Please restate, word for word, each line from the one containing "Motherboard Amd ASROCK" through the end of the entries below.
▶
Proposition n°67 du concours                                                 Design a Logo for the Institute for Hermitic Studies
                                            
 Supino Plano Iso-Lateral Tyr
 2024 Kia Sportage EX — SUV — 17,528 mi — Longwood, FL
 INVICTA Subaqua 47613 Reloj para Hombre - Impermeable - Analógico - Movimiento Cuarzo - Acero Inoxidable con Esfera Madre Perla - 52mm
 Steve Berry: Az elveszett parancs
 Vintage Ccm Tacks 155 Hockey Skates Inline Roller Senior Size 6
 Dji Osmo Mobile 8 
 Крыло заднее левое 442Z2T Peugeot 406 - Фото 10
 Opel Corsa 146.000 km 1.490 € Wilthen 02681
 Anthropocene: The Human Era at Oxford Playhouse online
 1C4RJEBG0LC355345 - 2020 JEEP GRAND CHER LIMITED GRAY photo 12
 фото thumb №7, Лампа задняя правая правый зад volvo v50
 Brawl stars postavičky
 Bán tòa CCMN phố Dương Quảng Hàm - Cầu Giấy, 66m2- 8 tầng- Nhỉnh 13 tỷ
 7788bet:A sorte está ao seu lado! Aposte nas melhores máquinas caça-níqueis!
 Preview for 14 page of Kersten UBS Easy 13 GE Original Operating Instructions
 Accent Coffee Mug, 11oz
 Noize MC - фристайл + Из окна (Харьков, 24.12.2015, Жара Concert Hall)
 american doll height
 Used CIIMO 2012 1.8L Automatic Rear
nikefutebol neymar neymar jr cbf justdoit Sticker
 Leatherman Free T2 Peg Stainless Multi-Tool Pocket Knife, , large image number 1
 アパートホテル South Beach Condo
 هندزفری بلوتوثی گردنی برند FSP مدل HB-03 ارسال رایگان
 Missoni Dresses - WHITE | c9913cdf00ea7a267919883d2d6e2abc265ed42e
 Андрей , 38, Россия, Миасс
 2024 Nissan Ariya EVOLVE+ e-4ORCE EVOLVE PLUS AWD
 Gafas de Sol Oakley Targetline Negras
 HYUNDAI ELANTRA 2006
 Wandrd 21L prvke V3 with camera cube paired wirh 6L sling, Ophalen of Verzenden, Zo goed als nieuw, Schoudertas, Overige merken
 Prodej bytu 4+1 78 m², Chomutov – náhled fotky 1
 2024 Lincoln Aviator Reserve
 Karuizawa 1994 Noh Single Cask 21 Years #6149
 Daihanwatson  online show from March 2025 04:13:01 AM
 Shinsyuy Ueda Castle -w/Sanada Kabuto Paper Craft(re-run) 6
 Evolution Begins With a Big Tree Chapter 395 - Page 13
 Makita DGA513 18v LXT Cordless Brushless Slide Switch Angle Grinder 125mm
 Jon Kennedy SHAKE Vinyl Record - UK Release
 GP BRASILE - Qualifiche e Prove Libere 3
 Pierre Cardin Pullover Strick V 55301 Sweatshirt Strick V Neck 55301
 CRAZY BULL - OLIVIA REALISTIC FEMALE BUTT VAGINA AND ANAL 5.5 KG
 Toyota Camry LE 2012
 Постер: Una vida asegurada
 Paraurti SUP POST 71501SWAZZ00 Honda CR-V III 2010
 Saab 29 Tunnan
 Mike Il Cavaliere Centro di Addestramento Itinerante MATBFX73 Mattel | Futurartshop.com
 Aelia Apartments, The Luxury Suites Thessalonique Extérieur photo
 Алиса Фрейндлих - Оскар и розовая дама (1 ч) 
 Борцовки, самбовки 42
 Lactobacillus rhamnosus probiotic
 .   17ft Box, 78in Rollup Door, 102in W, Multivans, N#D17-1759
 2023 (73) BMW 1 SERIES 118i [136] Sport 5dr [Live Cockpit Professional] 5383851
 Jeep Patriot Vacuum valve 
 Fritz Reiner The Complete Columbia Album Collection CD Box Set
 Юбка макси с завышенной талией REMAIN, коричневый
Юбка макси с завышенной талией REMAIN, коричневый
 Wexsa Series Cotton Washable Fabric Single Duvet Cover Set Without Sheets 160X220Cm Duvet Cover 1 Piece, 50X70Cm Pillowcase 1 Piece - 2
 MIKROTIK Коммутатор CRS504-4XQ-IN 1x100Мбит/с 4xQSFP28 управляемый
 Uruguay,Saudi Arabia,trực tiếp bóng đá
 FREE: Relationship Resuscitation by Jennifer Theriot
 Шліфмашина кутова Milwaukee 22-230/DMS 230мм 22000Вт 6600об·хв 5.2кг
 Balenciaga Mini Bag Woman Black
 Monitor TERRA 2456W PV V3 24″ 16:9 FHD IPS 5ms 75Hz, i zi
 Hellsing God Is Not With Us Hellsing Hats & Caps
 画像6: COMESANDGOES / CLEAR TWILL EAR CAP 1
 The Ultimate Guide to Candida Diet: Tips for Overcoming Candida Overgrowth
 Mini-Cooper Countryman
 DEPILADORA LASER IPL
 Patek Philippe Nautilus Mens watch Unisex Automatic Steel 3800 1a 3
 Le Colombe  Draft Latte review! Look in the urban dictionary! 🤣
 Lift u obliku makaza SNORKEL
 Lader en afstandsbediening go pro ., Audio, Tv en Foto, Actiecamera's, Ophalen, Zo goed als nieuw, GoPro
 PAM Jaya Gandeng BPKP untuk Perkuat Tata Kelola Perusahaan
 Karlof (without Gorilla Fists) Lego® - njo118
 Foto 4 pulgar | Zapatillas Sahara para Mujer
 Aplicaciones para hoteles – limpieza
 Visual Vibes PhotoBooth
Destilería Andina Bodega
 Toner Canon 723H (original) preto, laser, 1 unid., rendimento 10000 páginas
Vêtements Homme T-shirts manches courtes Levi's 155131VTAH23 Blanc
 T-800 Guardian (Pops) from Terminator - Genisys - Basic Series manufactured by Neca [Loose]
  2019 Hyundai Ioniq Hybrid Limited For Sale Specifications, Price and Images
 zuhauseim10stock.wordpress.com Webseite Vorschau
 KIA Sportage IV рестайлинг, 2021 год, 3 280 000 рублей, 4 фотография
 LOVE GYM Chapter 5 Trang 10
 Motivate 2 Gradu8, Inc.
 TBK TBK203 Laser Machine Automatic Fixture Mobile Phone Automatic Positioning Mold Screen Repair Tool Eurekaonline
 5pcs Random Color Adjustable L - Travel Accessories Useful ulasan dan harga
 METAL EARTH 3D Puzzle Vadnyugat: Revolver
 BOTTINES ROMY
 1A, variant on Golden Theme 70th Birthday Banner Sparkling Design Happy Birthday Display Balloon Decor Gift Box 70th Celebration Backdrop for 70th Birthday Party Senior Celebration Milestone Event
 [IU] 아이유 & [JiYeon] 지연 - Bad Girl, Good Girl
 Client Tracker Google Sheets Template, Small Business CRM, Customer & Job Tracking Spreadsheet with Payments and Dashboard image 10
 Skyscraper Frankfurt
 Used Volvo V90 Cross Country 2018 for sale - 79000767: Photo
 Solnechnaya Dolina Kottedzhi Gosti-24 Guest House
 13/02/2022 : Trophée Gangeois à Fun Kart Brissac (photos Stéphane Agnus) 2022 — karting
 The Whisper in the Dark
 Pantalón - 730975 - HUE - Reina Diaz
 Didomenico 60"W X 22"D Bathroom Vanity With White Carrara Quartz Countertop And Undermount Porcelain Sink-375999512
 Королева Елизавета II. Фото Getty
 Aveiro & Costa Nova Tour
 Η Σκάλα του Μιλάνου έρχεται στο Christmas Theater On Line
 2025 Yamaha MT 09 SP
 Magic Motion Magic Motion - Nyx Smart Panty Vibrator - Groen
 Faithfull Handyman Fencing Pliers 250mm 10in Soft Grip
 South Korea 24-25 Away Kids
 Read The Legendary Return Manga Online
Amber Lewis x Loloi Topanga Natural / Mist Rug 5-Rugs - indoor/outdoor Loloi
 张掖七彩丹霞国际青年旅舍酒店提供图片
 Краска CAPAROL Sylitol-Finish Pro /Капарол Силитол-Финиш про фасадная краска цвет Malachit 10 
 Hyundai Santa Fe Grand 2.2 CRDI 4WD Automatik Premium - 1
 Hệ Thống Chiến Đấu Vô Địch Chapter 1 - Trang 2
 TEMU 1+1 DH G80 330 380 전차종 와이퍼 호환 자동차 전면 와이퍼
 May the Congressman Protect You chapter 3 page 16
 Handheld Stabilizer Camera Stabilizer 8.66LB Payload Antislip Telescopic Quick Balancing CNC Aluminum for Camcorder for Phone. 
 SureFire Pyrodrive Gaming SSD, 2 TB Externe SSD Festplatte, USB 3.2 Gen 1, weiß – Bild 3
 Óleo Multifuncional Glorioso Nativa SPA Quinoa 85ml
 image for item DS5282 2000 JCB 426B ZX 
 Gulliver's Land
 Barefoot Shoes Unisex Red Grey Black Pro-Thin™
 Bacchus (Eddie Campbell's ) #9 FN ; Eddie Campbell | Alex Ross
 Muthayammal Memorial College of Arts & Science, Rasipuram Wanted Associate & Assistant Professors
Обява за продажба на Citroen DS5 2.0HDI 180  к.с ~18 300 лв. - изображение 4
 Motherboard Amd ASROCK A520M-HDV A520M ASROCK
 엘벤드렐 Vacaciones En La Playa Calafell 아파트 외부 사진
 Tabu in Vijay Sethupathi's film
◀
> RESPONSE BELOW
 Motherboard Amd ASROCK A520M-HDV A520M ASROCK
 엘벤드렐 Vacaciones En La Playa Calafell 아파트 외부 사진
 Tabu in Vijay Sethupathi's film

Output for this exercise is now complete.